Given information: Begin

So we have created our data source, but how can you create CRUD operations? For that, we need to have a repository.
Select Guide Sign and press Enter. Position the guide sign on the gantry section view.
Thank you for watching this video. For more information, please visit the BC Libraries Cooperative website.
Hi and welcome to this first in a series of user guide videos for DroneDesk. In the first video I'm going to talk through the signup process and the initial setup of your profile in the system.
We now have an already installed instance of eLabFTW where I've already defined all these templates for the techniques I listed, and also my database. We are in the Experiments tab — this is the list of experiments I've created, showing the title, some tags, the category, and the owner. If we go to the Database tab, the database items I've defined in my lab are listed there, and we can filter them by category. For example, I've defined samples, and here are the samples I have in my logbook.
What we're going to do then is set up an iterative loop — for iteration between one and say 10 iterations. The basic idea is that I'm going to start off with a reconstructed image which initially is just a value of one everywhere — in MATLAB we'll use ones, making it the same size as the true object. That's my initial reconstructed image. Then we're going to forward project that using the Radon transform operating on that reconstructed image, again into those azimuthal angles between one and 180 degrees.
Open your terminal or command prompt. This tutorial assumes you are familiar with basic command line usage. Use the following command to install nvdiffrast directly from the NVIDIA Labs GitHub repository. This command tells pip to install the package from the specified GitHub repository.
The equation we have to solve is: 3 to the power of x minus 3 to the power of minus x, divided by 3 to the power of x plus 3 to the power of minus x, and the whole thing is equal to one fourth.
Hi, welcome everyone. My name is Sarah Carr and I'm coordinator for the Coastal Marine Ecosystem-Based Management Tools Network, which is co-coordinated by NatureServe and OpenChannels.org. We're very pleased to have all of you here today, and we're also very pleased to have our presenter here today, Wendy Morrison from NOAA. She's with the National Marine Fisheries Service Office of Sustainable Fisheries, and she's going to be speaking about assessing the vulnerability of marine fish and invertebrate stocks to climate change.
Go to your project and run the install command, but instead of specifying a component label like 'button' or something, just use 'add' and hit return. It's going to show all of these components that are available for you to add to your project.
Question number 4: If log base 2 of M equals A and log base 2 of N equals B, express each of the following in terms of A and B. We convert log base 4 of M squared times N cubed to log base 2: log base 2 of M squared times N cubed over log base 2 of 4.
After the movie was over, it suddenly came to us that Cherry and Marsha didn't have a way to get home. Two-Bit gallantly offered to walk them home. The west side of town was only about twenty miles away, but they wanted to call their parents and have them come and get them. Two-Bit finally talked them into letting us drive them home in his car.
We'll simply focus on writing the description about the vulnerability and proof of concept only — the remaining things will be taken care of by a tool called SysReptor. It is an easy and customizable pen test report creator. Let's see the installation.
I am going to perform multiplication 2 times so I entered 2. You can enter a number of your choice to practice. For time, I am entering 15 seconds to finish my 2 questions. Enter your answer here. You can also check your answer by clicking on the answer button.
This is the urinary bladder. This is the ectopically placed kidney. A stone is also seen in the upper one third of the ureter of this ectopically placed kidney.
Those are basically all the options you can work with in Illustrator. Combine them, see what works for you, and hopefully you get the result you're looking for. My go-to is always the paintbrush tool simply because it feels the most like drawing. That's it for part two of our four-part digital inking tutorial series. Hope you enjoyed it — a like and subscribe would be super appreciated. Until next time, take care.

Given information: End

Return the material above in full, word for word.

So we have created our data source, but how can you create CRUD operations? For that, we need to have a repository.
Select Guide Sign and press Enter. Position the guide sign on the gantry section view.
Thank you for watching this video. For more information, please visit the BC Libraries Cooperative website.
Hi and welcome to this first in a series of user guide videos for DroneDesk. In the first video I'm going to talk through the signup process and the initial setup of your profile in the system.
We now have an already installed instance of eLabFTW where I've already defined all these templates for the techniques I listed, and also my database. We are in the Experiments tab — this is the list of experiments I've created, showing the title, some tags, the category, and the owner. If we go to the Database tab, the database items I've defined in my lab are listed there, and we can filter them by category. For example, I've defined samples, and here are the samples I have in my logbook.
What we're going to do then is set up an iterative loop — for iteration between one and say 10 iterations. The basic idea is that I'm going to start off with a reconstructed image which initially is just a value of one everywhere — in MATLAB we'll use ones, making it the same size as the true object. That's my initial reconstructed image. Then we're going to forward project that using the Radon transform operating on that reconstructed image, again into those azimuthal angles between one and 180 degrees.
Open your terminal or command prompt. This tutorial assumes you are familiar with basic command line usage. Use the following command to install nvdiffrast directly from the NVIDIA Labs GitHub repository. This command tells pip to install the package from the specified GitHub repository.
The equation we have to solve is: 3 to the power of x minus 3 to the power of minus x, divided by 3 to the power of x plus 3 to the power of minus x, and the whole thing is equal to one fourth.
Hi, welcome everyone. My name is Sarah Carr and I'm coordinator for the Coastal Marine Ecosystem-Based Management Tools Network, which is co-coordinated by NatureServe and OpenChannels.org. We're very pleased to have all of you here today, and we're also very pleased to have our presenter here today, Wendy Morrison from NOAA. She's with the National Marine Fisheries Service Office of Sustainable Fisheries, and she's going to be speaking about assessing the vulnerability of marine fish and invertebrate stocks to climate change.
Go to your project and run the install command, but instead of specifying a component label like 'button' or something, just use 'add' and hit return. It's going to show all of these components that are available for you to add to your project.
Question number 4: If log base 2 of M equals A and log base 2 of N equals B, express each of the following in terms of A and B. We convert log base 4 of M squared times N cubed to log base 2: log base 2 of M squared times N cubed over log base 2 of 4.
After the movie was over, it suddenly came to us that Cherry and Marsha didn't have a way to get home. Two-Bit gallantly offered to walk them home. The west side of town was only about twenty miles away, but they wanted to call their parents and have them come and get them. Two-Bit finally talked them into letting us drive them home in his car.
We'll simply focus on writing the description about the vulnerability and proof of concept only — the remaining things will be taken care of by a tool called SysReptor. It is an easy and customizable pen test report creator. Let's see the installation.
I am going to perform multiplication 2 times so I entered 2. You can enter a number of your choice to practice. For time, I am entering 15 seconds to finish my 2 questions. Enter your answer here. You can also check your answer by clicking on the answer button.
This is the urinary bladder. This is the ectopically placed kidney. A stone is also seen in the upper one third of the ureter of this ectopically placed kidney.
Those are basically all the options you can work with in Illustrator. Combine them, see what works for you, and hopefully you get the result you're looking for. My go-to is always the paintbrush tool simply because it feels the most like drawing. That's it for part two of our four-part digital inking tutorial series. Hope you enjoyed it — a like and subscribe would be super appreciated. Until next time, take care.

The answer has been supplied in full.